I was in the middle of switching name servers and hosts so things were a bit hectic so I thought maybe they just hadn't propagated through the inter-web yet. 

So I waited and waited and they never changed. I waited almost two days. 

Its not the hosting because I changed the name servers to Godaddys parked name servers.

While I was a bit confused on the situation I decided to do one last thing before I called Godaddy and my ISP, I used a proxy to view my site.

Well, low and behold, I was able to view my site through the proxy.

Now at this point I'm thinking to myself, "what the hell?" I mean, is my ISP actually block my one domain name? Can they do that? Or I am I completely wrong and is it something else to blame? 

Any help would be appreciated!


----------



## cpscdave (Feb 25, 2004)

It could be your ISP's DSN caching the naming record for an overly long period of time. 

I know we moved a mail server and supposedly when we did the TTL was ~1day. 2 weeks later we were still having ppl calling and complaining about bounced emails and unable to access thier emails. 

Check to see what it says.

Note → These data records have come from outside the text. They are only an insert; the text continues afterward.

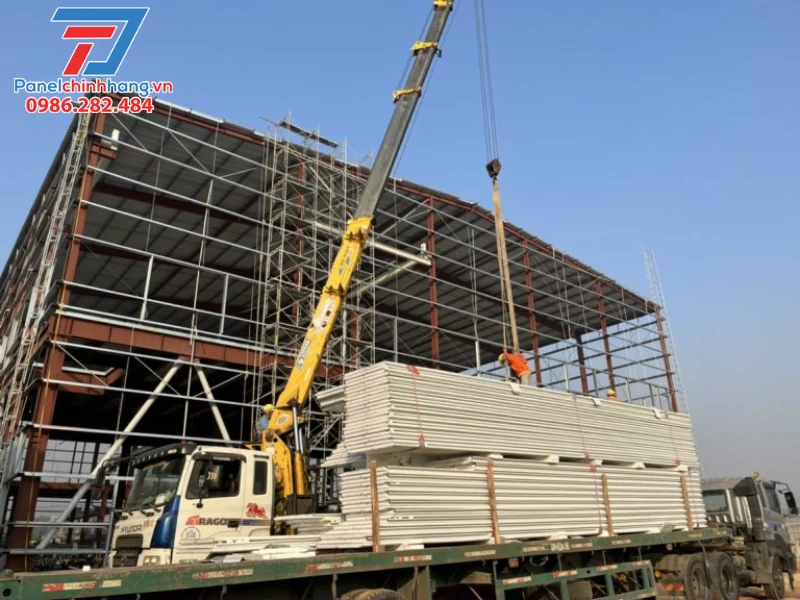 Những lưu ý về an toàn lao động trong thi công mái panel Những lưu ý về an toàn lao động trong thi công mái panel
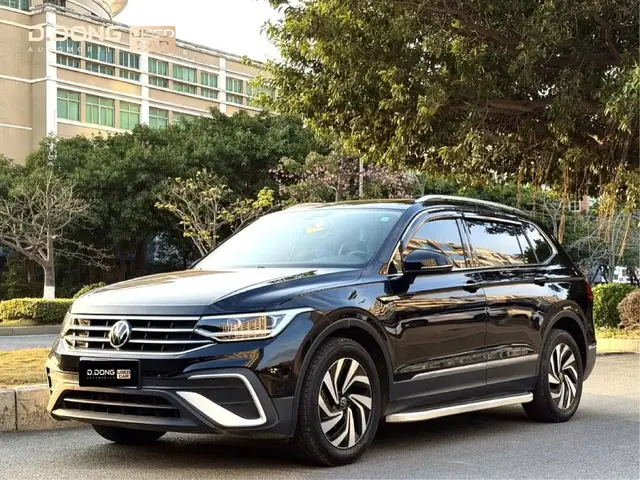 VOLKSWAGEN TIGUAN L 2022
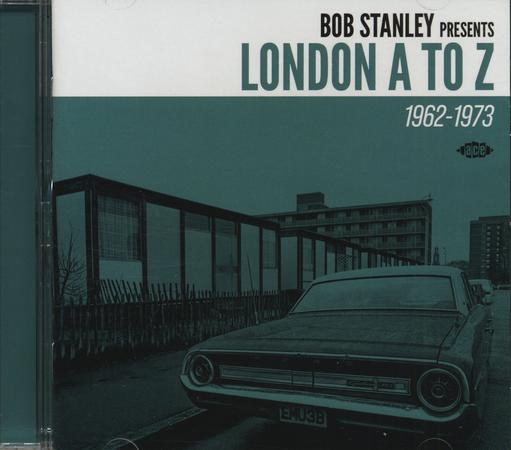 Plattencover von Bob Stanley Present: London from to A to Z (1962-1973).
Grüngefärbtes Foto einer Straße mit Auto im Vordergrund und Wonblöcken im Hintergrund.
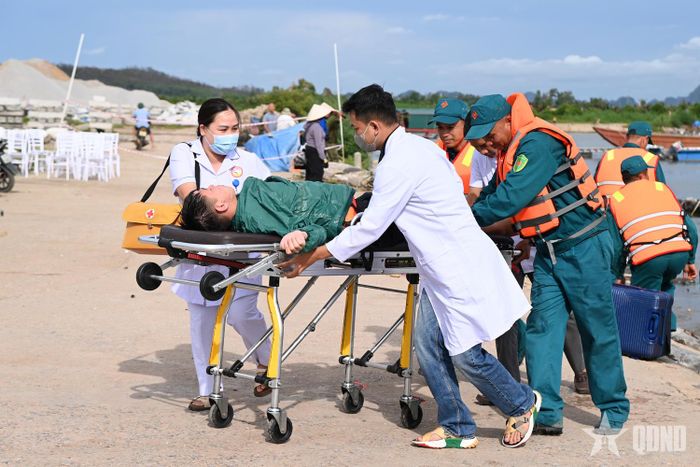 Phường Cẩm Phả thực hành sơ tán nhân dân, cứu hộ người và phương tiện gặp sự cố trên biển. 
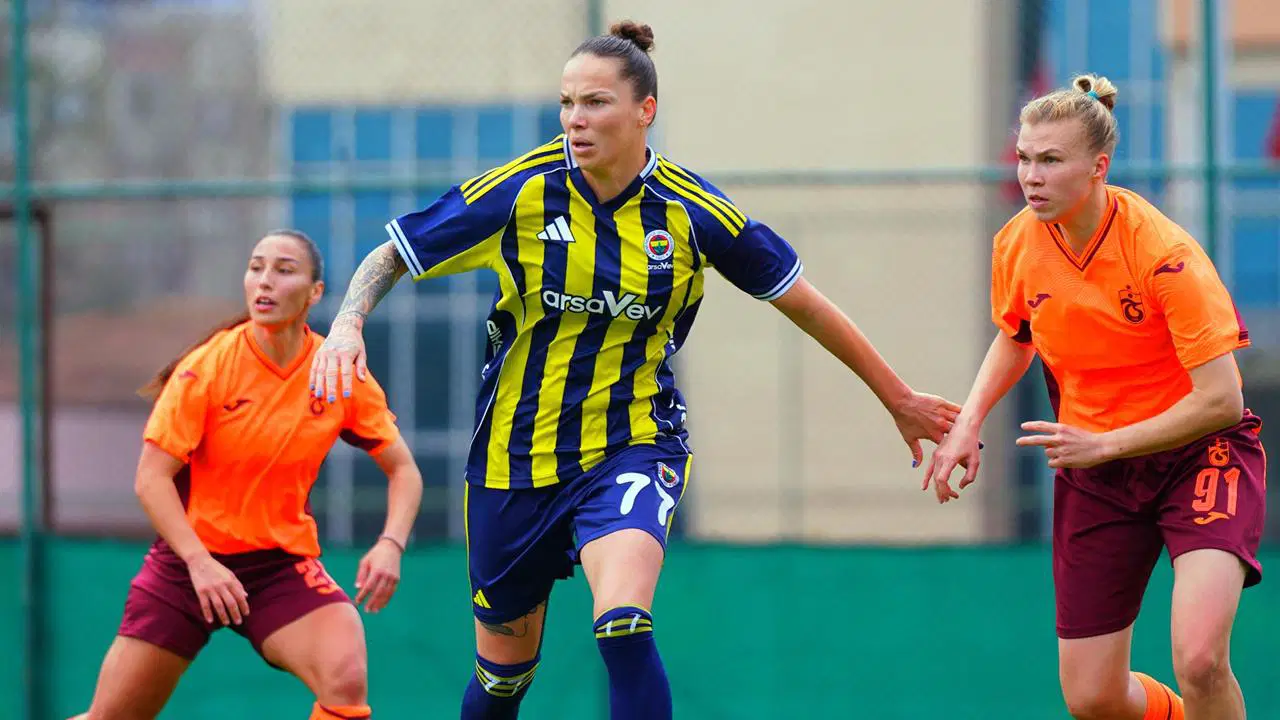 Fenerbahçe, Trabzonspor karşısında puanı uzatmalarda kurtardı!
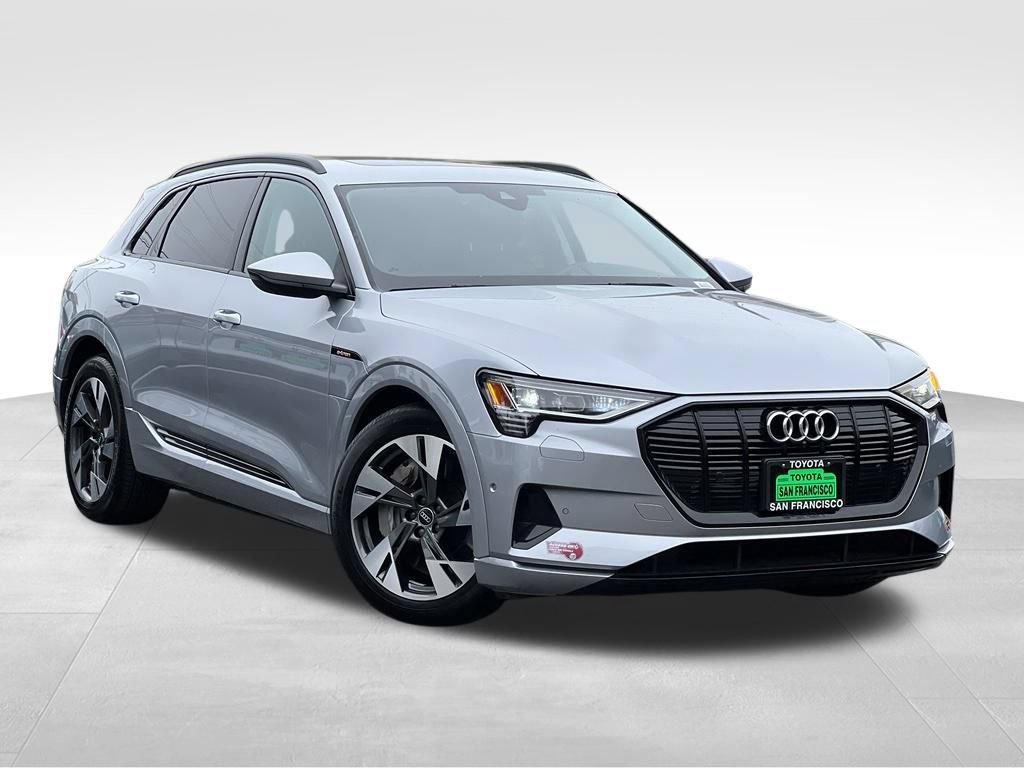 Used 2022 Audi e-tron Premium AWD/4WD image 7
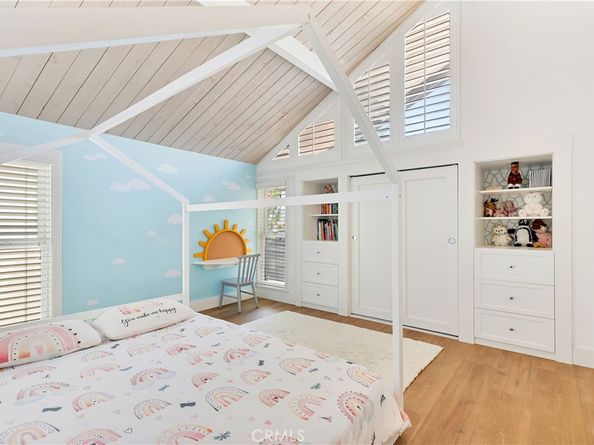 235 62nd Street, Newport Beach CA 92663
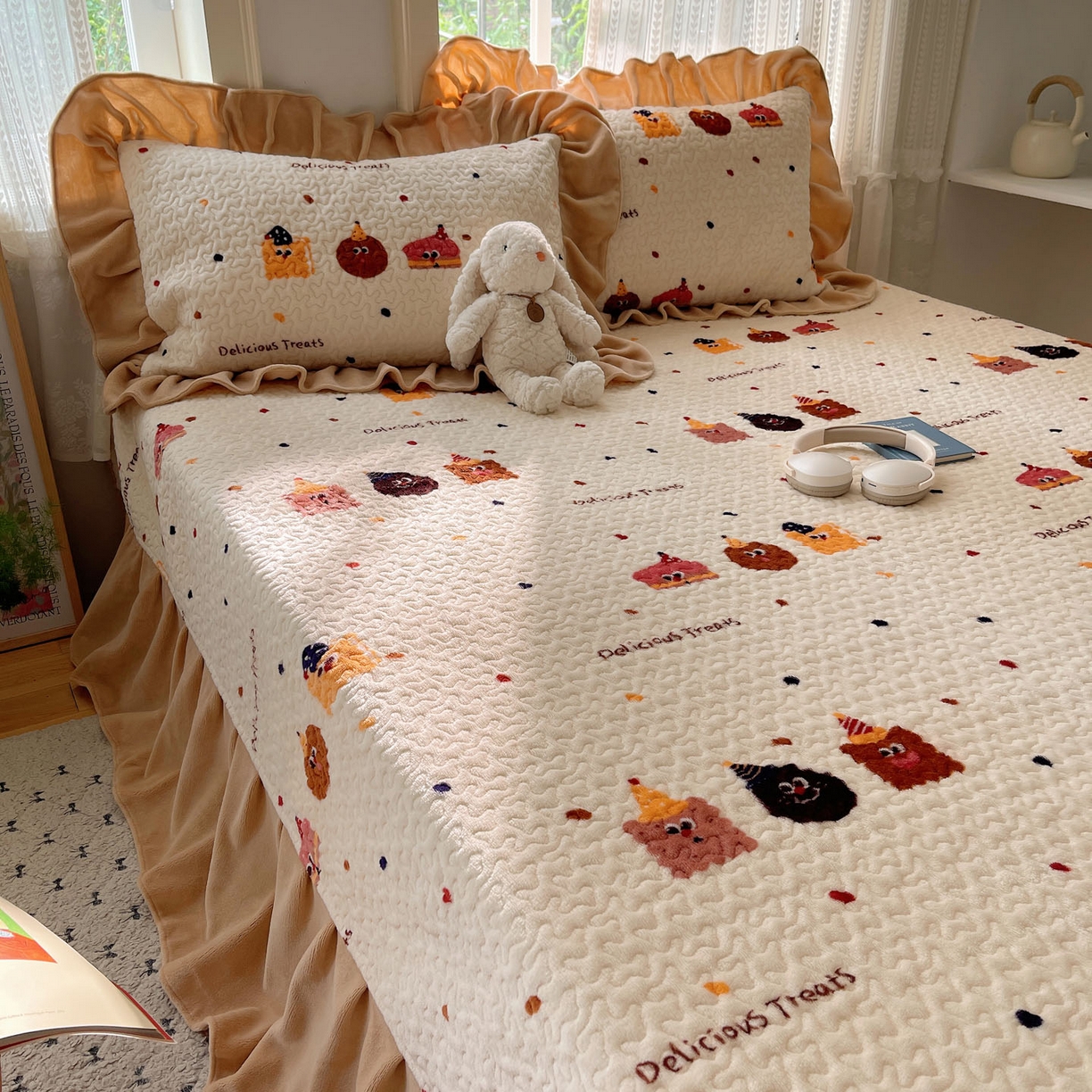 91家纺网 家纺一手货源 找家纺 红嘴企鹅 2025新款花边加厚牛奶绒单品床盖单件床盖三件套 点心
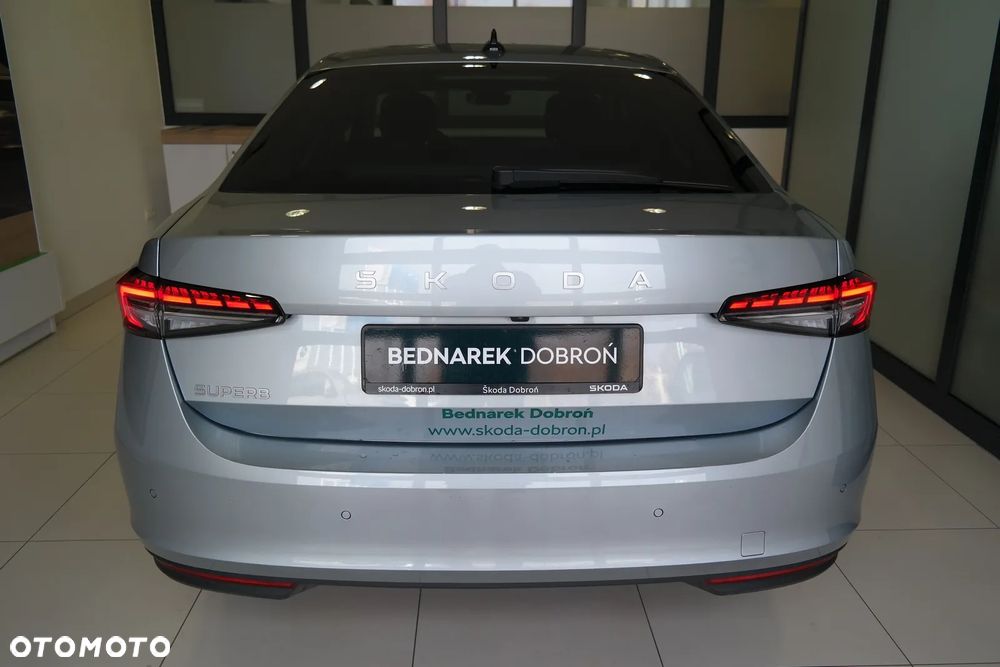 Skoda Superb 1.5 TSI mHEV DSG Selection - 8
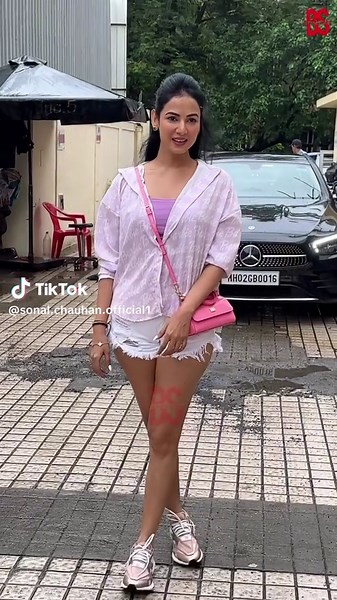 sonal.chauhan.official1 (@sonal.chauhan.official1)’s videos with original sound - sonal.chauhan.official1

If you ahve access to a unix box run dig -all "yourdomain"


----------



## watchintv (May 27, 2005)

Now the site is working. I dont trust it though becuase yesterday while I was refreshing the site periodically to see if the 404 had gone away, I was able to view my site, but then a second later It went back to a 404 error. Ill wait it out a bit longer and see if it stays.

Thanks for your reply dave.


----------



## watchintv (May 27, 2005)

Now, after I saw that it was working, I uploaded all of my files again and it reverts back to a 404, but not when I use a proxy. Think I should call my ISP, godaddy, or hosting or all of them?


----------



## watchintv (May 27, 2005)

It seems that when ever I edit or transfer a file(s), it goes to 404 for along time. Yet, I can view the changes through a proxy instantly. This really sucks.

edit

Well, now I just realized it showed the changes about 5 minutes later. Still though, it never used to do that. It would always do it instantly.

edit

now it seems to be showing any changes instantly, maybe it was just a fluke or something. Ill wait a bit and if everything is cool Ill mark solved.

edit

I spoke to soon, now the whole site is down, again. Yet I ofcourse can still view it in a proxy site fine. Oh, and I just realized that they are not 404 errors, they just say this:

Not Found
The requested URL / was not found on this server.

Additionally, a 404 Not Found error was encountered while trying to use an ErrorDocument to handle the request.


----------



## LeeUK (Feb 6, 2007)

I also have this problem.

I run a website and changed nameservers to a new server and now alot of the members are getting the old server still.

This has been about a week now.

Is there anything i can tell the members to do in order for them to get onto the website again?

How long does it for ISP to update there DNS?


----------



## watchintv (May 27, 2005)

My site finally started working without any problems after about 3 days. It was kind of strange though because I have changed my name servers plenty of times before and it was always within 20-30 minutes. I guess it taking 3 days was sort of payback. 

The only advice I guess would be to call your ISP and ask when they plan on updating.


----------



## smokeyd (Oct 15, 2007)

i have had the same problem for over 48 hours now.. all of my .com domains have had problems since i changed the ip of the nameservers. they can bee seen in some locations but not others i.e. worldwidefeatures.com etc. how long did it take before the sites were back up and running please?


----------



## tomdkat (May 6, 2006)

DNS propogation can take a while, sometimes, as different DNS servers have different caching configurations. I use Comcast for Internet access at home and it can take 2-3 days for their DNS cache to be refreshed. Contacting your ISP to find out about their DNS caching or asking them to force a refresh of their DNS cache might help.

Peace...


----------